- _INPUT DATA_
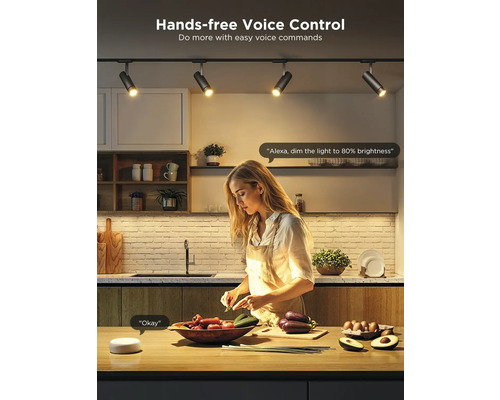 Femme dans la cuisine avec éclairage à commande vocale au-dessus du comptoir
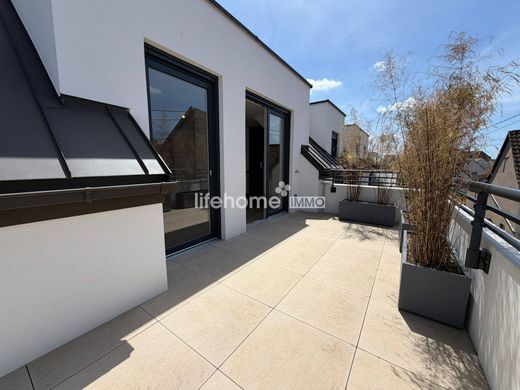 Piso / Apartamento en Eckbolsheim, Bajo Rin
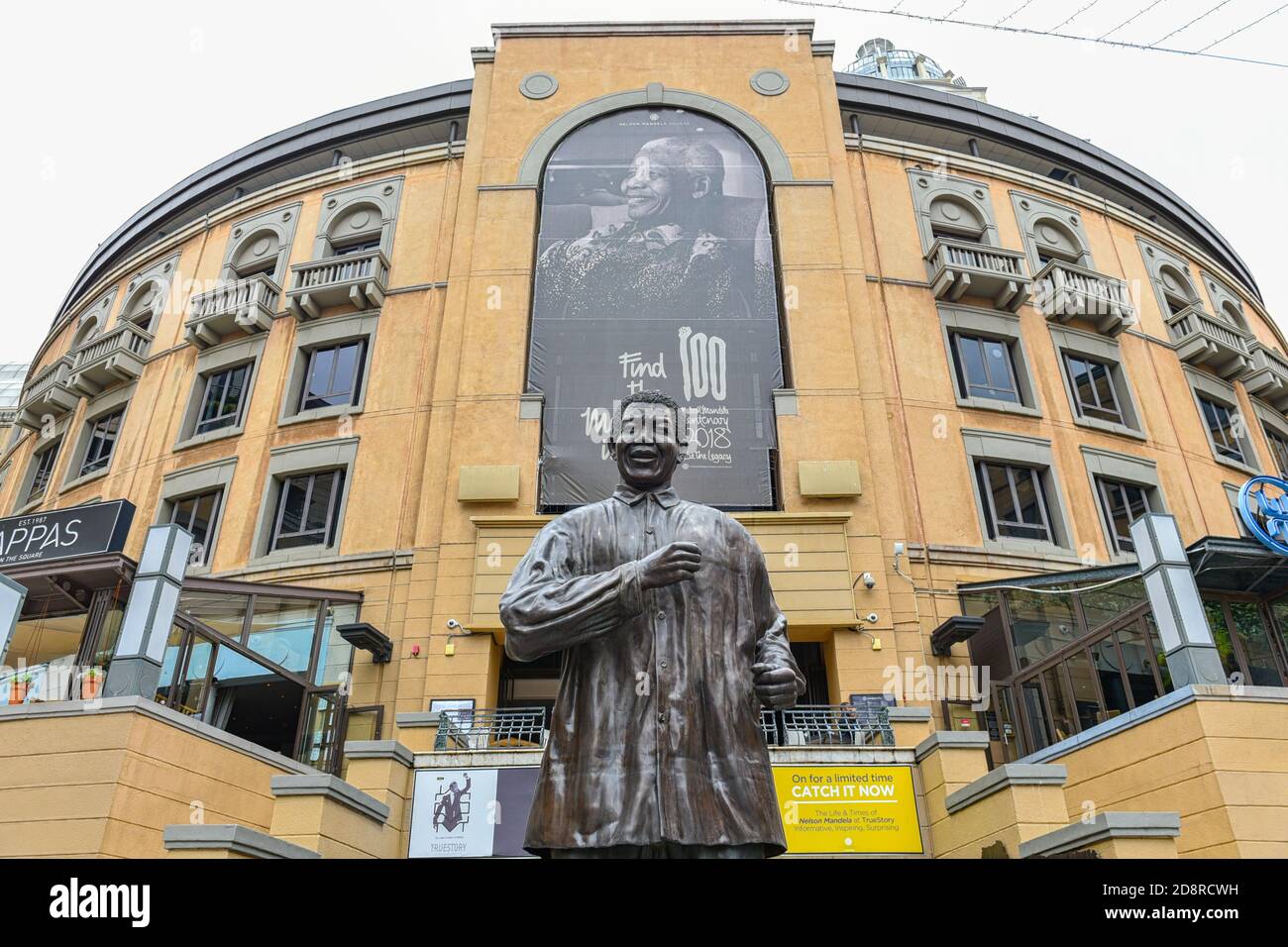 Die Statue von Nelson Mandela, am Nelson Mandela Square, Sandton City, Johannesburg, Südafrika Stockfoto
...
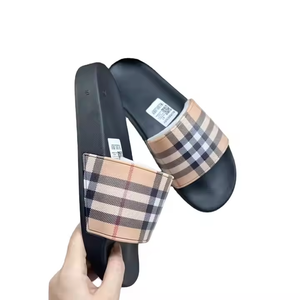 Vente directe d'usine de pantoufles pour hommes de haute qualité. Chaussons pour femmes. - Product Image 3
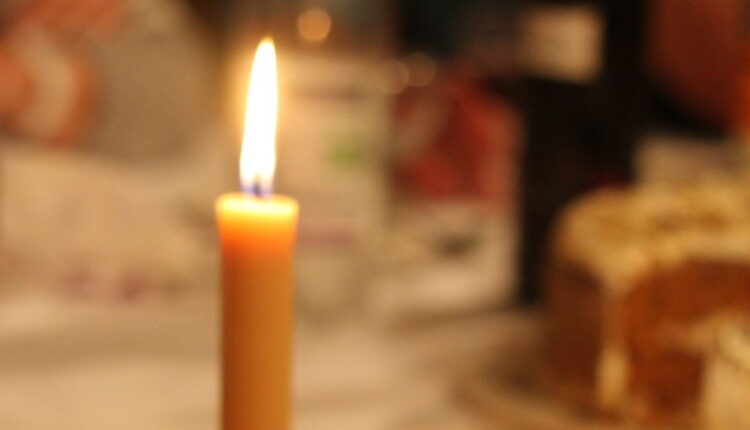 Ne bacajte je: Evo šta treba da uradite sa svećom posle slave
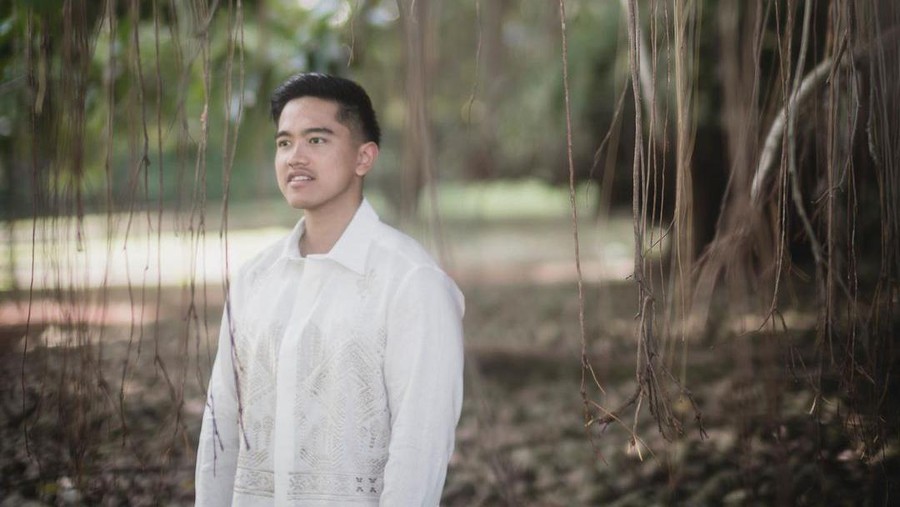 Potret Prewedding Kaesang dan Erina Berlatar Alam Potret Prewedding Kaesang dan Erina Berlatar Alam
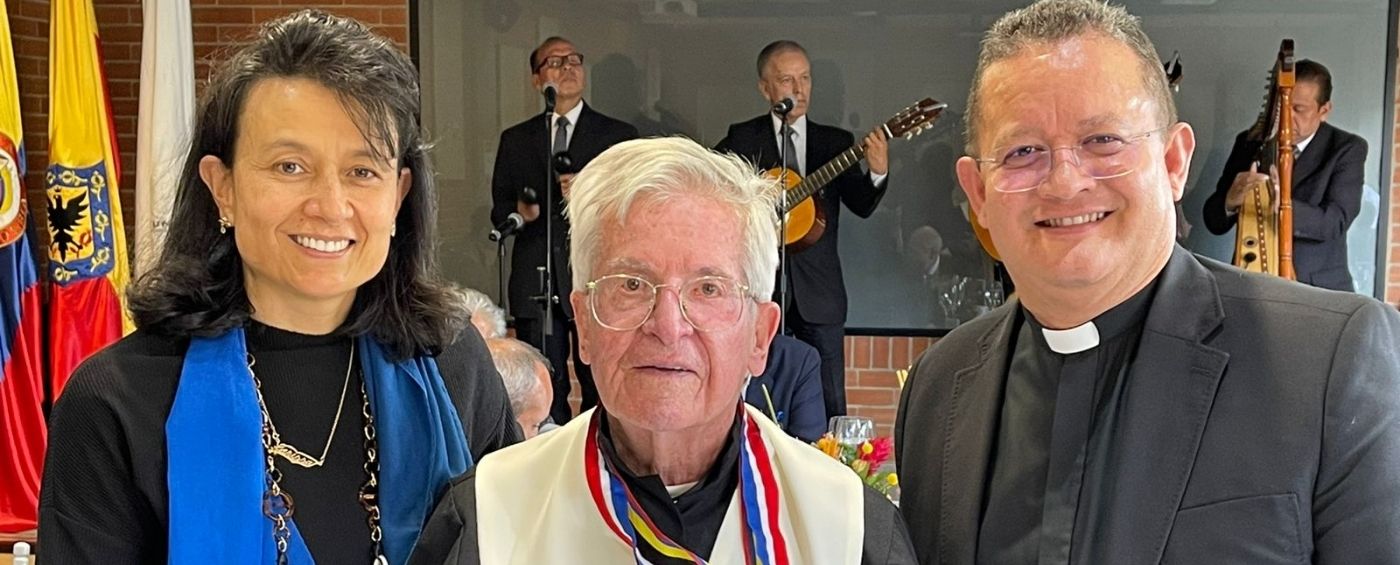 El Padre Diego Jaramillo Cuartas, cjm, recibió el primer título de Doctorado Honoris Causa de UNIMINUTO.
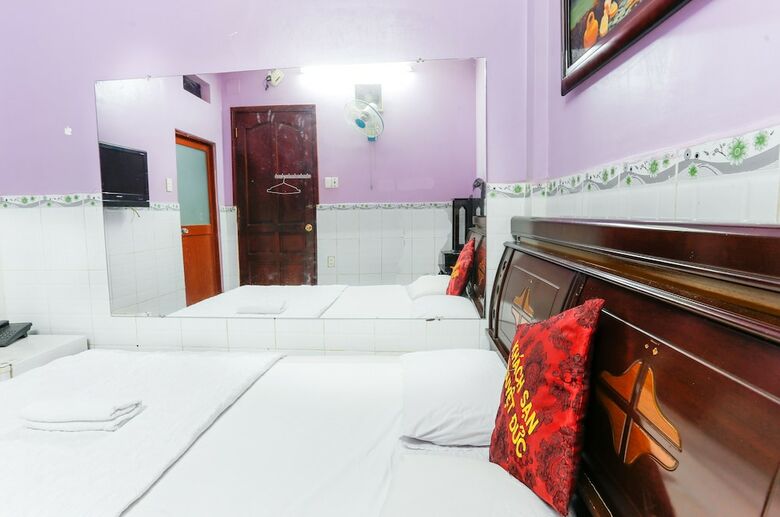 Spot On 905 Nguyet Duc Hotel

- _WHAT IS EXPECTED_
Using the data above, give again exactly the lines starting at the one holding "Vente directe d'usine" and ending at the one holding "Spot On 905 Nguyet Duc Hotel", inclusive, and nothing more. Omit the pictures.

- _ANSWER FOR THIS EXERCISE_
 Vente directe d'usine de pantoufles pour hommes de haute qualité. Chaussons pour femmes. - Product Image 3
 Ne bacajte je: Evo šta treba da uradite sa svećom posle slave
 Potret Prewedding Kaesang dan Erina Berlatar Alam Potret Prewedding Kaesang dan Erina Berlatar Alam
 El Padre Diego Jaramillo Cuartas, cjm, recibió el primer título de Doctorado Honoris Causa de UNIMINUTO.
 Spot On 905 Nguyet Duc Hotel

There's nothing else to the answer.